Short text fragments from websites:
___

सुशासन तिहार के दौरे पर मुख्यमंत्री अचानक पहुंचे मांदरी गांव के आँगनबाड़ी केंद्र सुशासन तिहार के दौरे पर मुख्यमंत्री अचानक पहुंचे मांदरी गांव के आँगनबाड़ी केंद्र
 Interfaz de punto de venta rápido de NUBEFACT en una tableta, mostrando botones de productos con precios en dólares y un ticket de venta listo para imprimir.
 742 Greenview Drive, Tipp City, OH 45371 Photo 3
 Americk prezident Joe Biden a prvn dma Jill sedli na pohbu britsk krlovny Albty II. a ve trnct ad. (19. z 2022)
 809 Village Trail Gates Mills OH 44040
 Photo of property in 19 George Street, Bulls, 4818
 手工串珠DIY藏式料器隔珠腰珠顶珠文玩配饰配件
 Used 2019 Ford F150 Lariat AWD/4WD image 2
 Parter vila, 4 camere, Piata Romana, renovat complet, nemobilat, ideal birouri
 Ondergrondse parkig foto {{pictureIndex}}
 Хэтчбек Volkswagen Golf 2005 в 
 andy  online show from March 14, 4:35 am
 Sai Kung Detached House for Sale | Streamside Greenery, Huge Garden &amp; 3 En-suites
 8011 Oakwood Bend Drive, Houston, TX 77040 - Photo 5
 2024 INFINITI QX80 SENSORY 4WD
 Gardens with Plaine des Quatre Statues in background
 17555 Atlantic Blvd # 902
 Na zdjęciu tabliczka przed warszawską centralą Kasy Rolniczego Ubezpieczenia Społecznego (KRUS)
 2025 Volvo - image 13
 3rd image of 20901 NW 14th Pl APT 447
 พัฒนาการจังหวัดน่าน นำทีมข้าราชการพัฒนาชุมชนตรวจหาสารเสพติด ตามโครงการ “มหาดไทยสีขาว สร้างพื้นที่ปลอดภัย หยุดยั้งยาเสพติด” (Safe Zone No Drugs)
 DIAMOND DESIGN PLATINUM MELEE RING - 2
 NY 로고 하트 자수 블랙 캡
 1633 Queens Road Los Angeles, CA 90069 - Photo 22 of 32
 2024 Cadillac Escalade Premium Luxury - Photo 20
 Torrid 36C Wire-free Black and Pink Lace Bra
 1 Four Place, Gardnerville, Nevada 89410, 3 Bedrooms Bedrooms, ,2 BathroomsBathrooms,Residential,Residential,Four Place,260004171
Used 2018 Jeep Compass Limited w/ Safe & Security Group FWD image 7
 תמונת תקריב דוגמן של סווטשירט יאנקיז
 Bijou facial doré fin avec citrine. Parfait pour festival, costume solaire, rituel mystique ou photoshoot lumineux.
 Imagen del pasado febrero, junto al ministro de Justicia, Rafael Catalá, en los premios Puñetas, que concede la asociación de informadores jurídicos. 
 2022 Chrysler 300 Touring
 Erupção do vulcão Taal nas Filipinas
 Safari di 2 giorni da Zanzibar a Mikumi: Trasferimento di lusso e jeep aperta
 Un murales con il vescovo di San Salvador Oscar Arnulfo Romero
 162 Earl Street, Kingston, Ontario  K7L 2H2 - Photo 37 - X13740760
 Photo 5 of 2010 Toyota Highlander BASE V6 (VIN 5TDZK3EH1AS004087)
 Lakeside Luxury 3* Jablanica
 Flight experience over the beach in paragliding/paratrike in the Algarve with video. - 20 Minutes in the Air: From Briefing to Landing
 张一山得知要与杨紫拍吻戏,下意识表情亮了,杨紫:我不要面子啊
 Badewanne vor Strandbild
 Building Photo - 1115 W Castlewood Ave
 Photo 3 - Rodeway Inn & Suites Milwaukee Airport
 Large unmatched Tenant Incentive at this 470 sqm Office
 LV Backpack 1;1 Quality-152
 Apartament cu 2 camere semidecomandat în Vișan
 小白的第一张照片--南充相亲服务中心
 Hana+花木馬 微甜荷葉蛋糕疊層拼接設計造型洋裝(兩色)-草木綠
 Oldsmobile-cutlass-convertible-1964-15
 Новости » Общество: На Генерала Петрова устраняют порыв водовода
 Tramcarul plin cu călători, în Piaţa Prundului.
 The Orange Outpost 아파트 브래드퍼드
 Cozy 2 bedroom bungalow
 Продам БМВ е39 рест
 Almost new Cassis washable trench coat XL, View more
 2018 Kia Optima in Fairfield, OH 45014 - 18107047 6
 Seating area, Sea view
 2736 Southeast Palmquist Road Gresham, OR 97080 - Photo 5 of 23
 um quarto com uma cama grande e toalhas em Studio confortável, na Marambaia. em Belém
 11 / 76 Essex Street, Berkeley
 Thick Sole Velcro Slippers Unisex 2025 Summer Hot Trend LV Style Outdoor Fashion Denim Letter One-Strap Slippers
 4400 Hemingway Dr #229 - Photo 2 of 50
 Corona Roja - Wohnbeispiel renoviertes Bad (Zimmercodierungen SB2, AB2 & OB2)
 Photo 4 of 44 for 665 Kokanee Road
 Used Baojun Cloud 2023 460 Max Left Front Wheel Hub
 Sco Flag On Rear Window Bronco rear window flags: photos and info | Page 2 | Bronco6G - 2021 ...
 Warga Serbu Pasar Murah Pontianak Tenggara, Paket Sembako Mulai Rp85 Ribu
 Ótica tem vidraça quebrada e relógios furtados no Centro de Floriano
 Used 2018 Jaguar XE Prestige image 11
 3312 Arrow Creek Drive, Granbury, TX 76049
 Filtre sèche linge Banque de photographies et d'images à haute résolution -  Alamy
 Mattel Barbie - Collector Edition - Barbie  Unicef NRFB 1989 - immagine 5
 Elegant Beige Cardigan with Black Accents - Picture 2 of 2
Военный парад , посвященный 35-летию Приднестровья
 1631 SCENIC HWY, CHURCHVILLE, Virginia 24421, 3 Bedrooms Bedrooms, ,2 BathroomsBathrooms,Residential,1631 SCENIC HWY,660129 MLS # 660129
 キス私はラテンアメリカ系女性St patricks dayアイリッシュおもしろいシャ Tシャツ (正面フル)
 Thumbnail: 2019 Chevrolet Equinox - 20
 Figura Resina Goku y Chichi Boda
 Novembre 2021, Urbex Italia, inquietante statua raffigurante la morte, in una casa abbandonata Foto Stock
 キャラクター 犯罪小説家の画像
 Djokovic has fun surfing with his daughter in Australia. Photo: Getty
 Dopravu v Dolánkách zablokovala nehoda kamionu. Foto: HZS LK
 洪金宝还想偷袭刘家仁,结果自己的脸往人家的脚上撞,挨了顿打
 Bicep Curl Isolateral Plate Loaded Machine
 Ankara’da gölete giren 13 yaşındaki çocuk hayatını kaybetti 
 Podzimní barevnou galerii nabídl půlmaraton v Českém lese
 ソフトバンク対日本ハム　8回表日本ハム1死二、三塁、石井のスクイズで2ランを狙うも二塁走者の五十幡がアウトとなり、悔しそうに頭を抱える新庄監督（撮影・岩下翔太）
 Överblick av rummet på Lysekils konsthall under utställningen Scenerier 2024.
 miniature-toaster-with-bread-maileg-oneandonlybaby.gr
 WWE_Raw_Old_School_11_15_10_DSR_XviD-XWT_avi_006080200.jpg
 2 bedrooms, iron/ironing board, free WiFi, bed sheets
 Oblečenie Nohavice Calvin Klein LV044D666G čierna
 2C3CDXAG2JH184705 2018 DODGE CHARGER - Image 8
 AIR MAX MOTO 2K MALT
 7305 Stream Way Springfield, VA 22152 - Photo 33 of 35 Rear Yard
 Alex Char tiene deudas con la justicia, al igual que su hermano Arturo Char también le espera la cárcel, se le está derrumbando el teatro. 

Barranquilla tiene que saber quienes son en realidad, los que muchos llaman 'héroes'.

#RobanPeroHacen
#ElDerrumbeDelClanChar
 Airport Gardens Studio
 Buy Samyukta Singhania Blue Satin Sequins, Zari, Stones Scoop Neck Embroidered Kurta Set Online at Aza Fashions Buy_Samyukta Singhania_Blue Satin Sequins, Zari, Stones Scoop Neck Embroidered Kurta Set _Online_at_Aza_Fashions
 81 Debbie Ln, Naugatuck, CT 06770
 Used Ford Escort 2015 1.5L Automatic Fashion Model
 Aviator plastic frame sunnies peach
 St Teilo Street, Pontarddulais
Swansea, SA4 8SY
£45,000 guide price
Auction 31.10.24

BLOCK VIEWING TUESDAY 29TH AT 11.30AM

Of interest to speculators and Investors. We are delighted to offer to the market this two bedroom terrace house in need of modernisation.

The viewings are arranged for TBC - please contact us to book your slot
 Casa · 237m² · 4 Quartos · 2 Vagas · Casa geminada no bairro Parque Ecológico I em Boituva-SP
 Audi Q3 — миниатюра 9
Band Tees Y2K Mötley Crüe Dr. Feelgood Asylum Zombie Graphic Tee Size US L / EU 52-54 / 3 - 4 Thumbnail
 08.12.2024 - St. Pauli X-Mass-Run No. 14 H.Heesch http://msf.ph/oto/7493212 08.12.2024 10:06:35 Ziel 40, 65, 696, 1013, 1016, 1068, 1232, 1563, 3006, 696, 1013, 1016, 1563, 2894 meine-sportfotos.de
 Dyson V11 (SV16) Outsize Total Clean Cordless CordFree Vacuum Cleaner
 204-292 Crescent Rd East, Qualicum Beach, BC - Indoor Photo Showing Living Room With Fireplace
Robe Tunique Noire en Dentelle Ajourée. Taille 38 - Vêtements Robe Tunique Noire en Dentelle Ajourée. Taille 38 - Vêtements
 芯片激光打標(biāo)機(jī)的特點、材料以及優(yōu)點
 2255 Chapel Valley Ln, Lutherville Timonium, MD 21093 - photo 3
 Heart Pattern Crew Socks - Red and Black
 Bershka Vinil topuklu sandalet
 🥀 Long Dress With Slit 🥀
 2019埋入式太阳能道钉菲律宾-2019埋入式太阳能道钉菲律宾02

___

» Action item
The lines above from the one containing "Lakeside Luxury 3* Jablanica" through the one containing "Oldsmobile-cutlass-convertible-1964-15" are to be set down exactly, and no others.

» Output for this task
 Lakeside Luxury 3* Jablanica
 Flight experience over the beach in paragliding/paratrike in the Algarve with video. - 20 Minutes in the Air: From Briefing to Landing
 张一山得知要与杨紫拍吻戏,下意识表情亮了,杨紫:我不要面子啊
 Badewanne vor Strandbild
 Building Photo - 1115 W Castlewood Ave
 Photo 3 - Rodeway Inn & Suites Milwaukee Airport
 Large unmatched Tenant Incentive at this 470 sqm Office
 LV Backpack 1;1 Quality-152
 Apartament cu 2 camere semidecomandat în Vișan
 小白的第一张照片--南充相亲服务中心
 Hana+花木馬 微甜荷葉蛋糕疊層拼接設計造型洋裝(兩色)-草木綠
 Oldsmobile-cutlass-convertible-1964-15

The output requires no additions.